It used to be Harvard-based neoclassical economists could count on their Republican friends and allies to support their free-market policies. Now, apparently, not so much.
That’s the only explanation for why Jeffrey Frankel has to step forward and attempt to remind Republicans that market mechanisms—such as cap-and-trade and Obamacare—were their idea.
In the US, cap-and-trade was originally considered a Republican idea. Market-friendly regulation was pushed by those who thought of themselves as pro-market, rather than by those who thought of themselves as pro-regulation. . .
Republican politicians have now forgotten that this approach was ever their policy. To defeat the last major climate bill in 2009, they worked themselves into a frenzy of anti-regulation rhetoric. . .

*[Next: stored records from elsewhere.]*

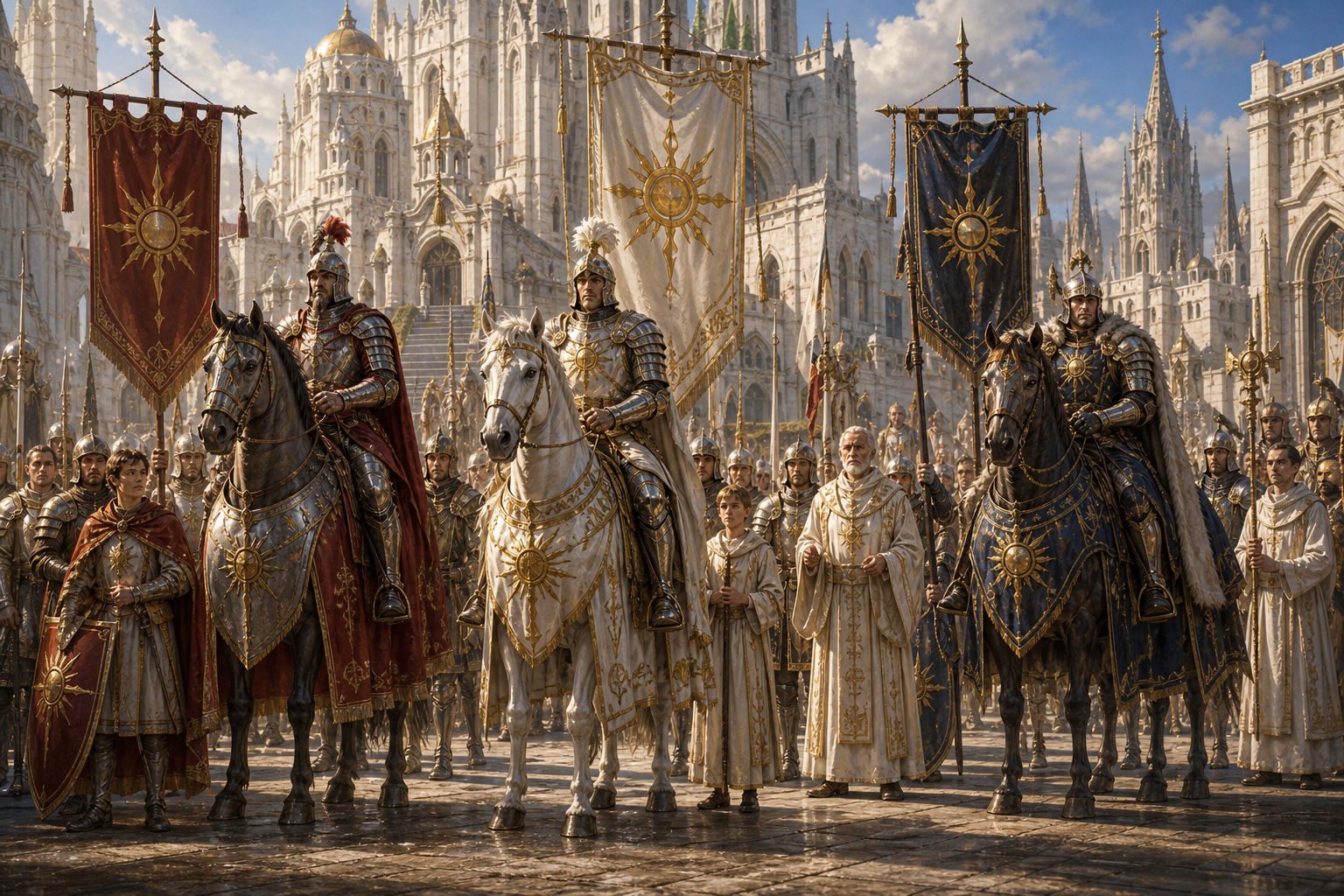 Faylenian knight orders assembled before a fortress-cathedral.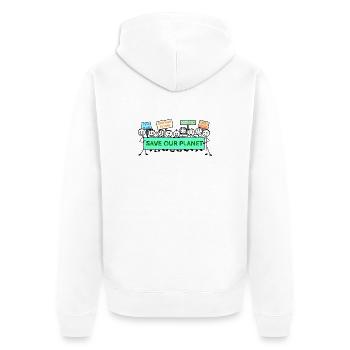 Protestlogo Klimawandel - Unisex Premium Bio Zip Hoodie - Weiß - Hinten - Thijin (182cm)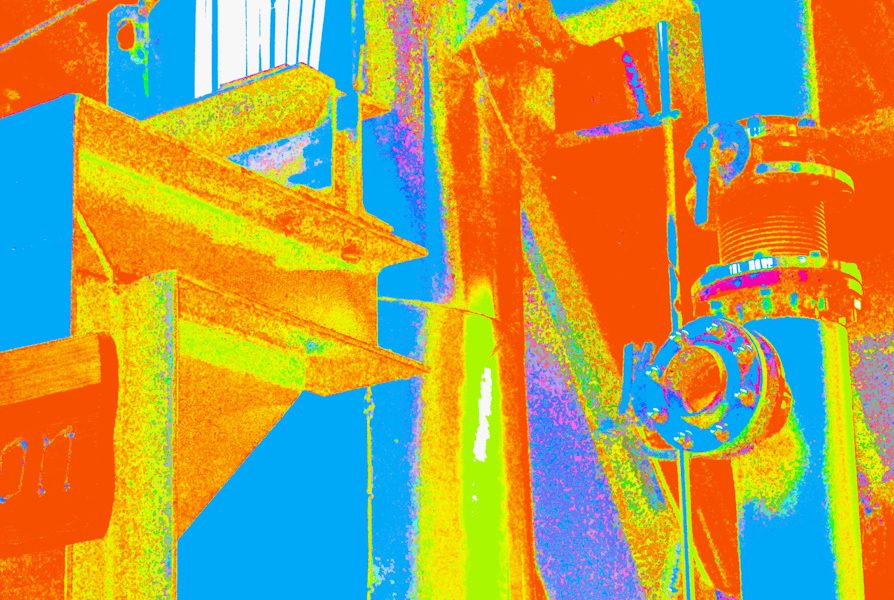 Manufakturen-Blog-PopArt-Projekt: Formen Strukturen, bunt I (Foto: Wigmar Bressel) - basierend auf einem Foto in der Dorotheenhütte in Wolfach im Schwarzwald - die Abluftanlage der Glasöfen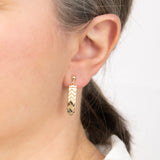 9ct Yellow Gold Herringbone Pattern Drop Earrings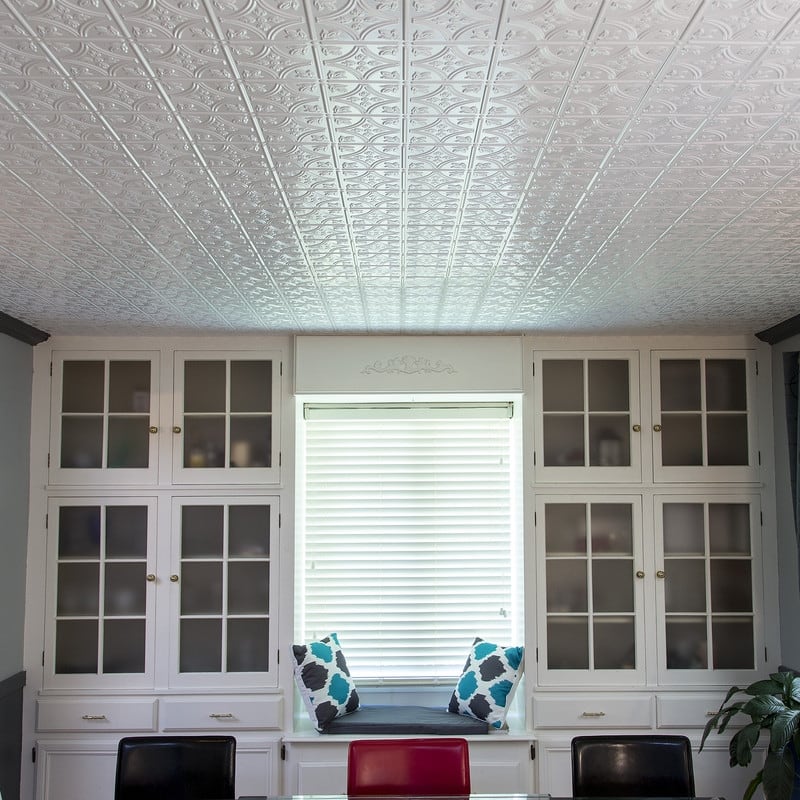 FASÄDE Traditional Style1 Decorative Vinyl 2ft x 4ft Glue Up Ceiling Panel in Gloss White (5 Pack)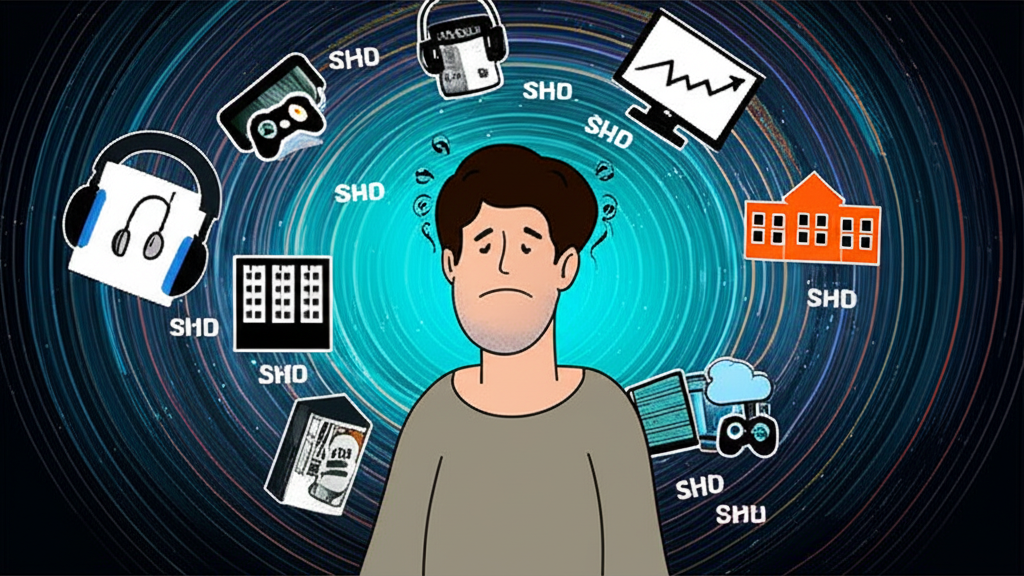 數位領域中困惑的人站在標有SHD的音響設備、學校建築、遊戲角色、金融圖表和雲端伺服器漩渦中,象徵語意歧義的插圖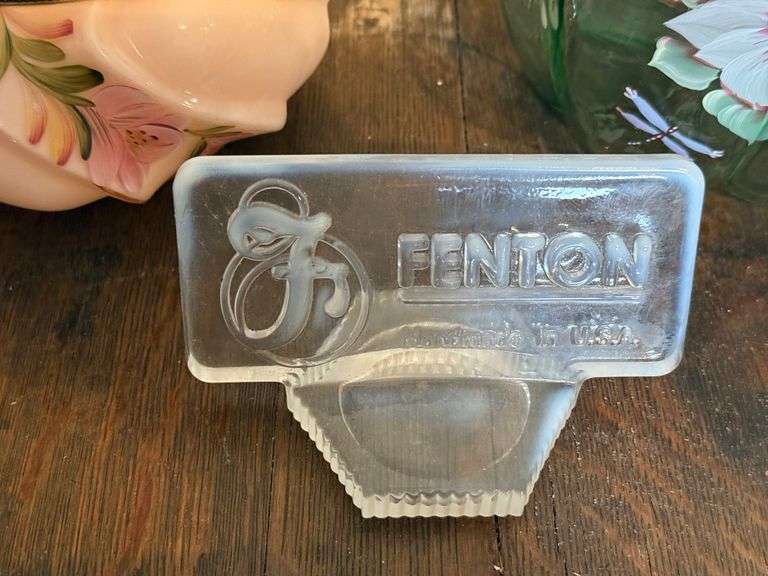 Fenton Rubina Verde Melon Box  with Brass Lid, Fenton Puff Box Sunset Overlay Wavercast Baroque Flor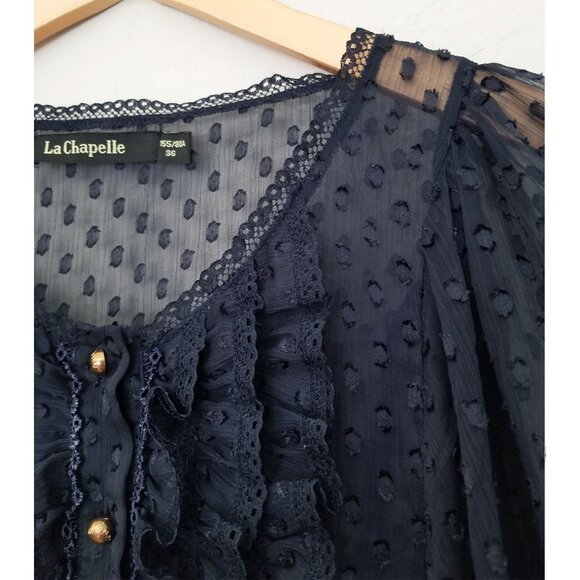 La Chapelle Navy Blue Sheer Chiffon Ruffle Batwing Blouse Top Romantic Coquette - Picture 7 of 15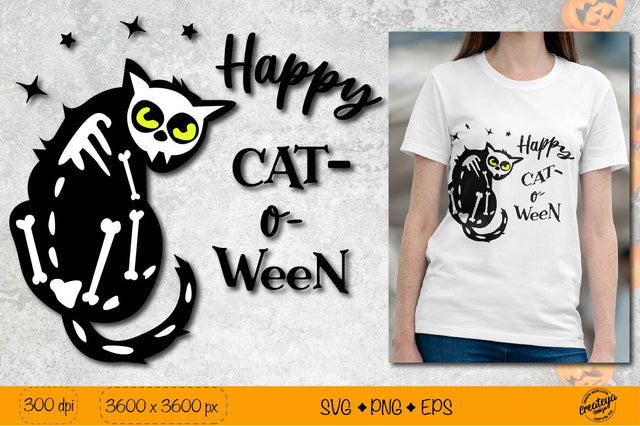 Happy Halloween SVG| Black cat SVG| Halloween quote SVG Createya Design 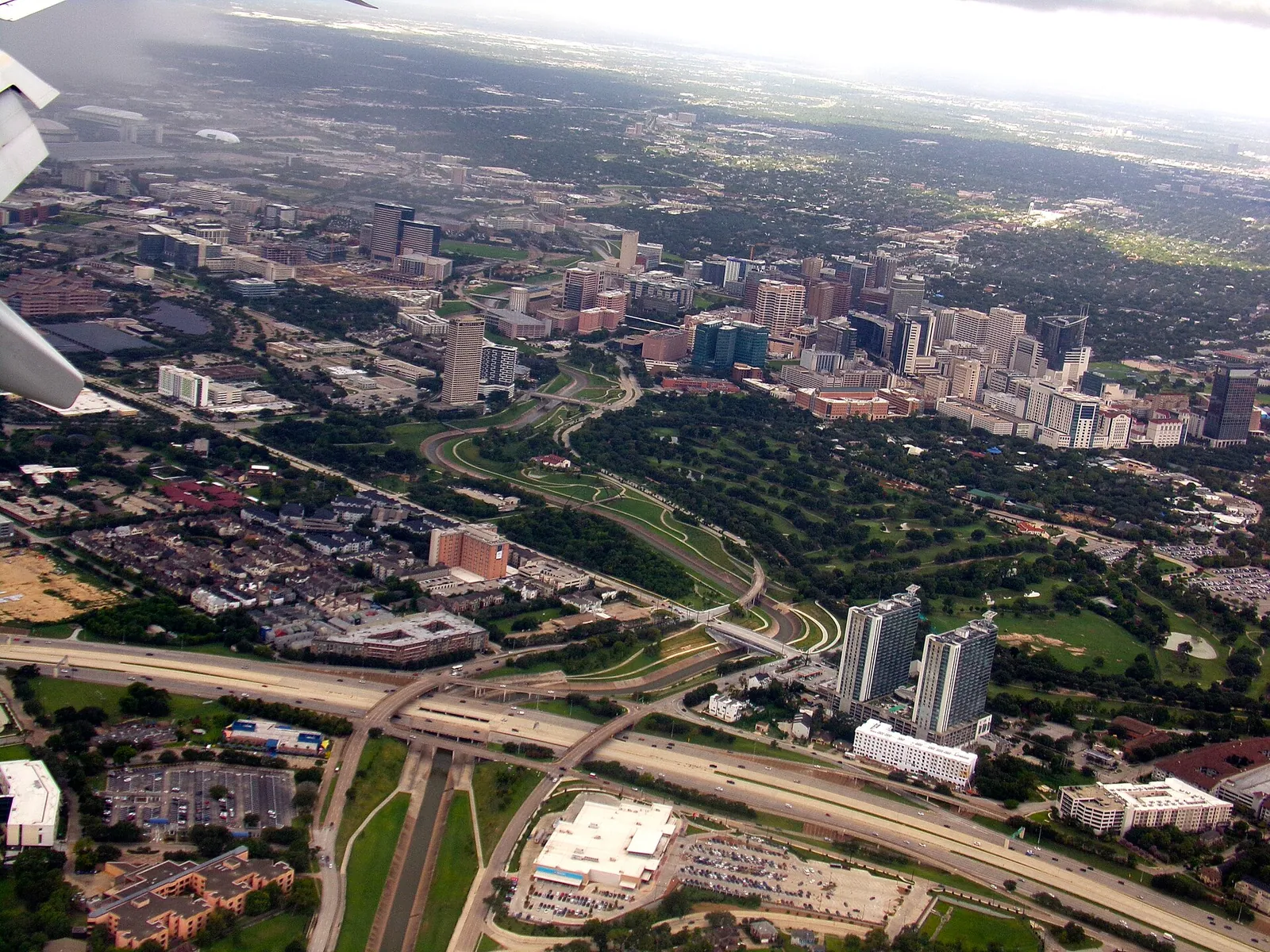 An aerial view of the Texas Medical Center.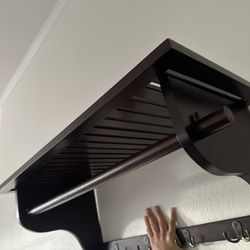 Wood Wall Shelf With Hooks And Hanging Rod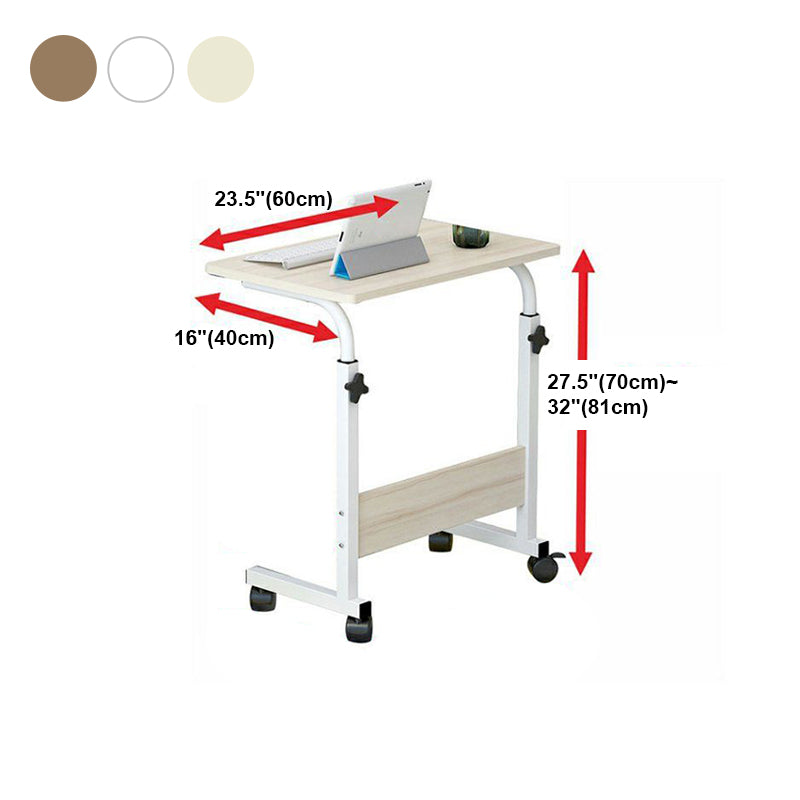 Manufactured Wood Writing Desk Adjustable Desk with Caster Wheels,23.6"L x 15.7"W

One can draw a fascinating parallel between the evolution of American political attitudes toward market mechanisms in the area of environmental regulation and Republican hostility to the Affordable Care Act, also known as Obamacare. Obamacare is a market mechanism in the sense that health insurers and care providers remain private and compete against each other.
Frankel is, in fact, right. Both cap-and-trade and Obamacare came straight out of Republican think tanks, precisely in the way neoclassical economists had designed them. Then, they were the best of friends. Now, apparently, Republicans have to be reminded of that friendship.
Or scared into remembering that close relationship. Because, Frankel warns, the alternative is more government regulation.
It really is a sign of how much political and economic discourse has changed in the United States that it’s Democrats who are implementing market-based, originally Republican-designed policies. And that, even more: from the perspective of someone like Frankel, any government regulation of business (not, mind you, government ownership) can blithely be referred to as “command and control.”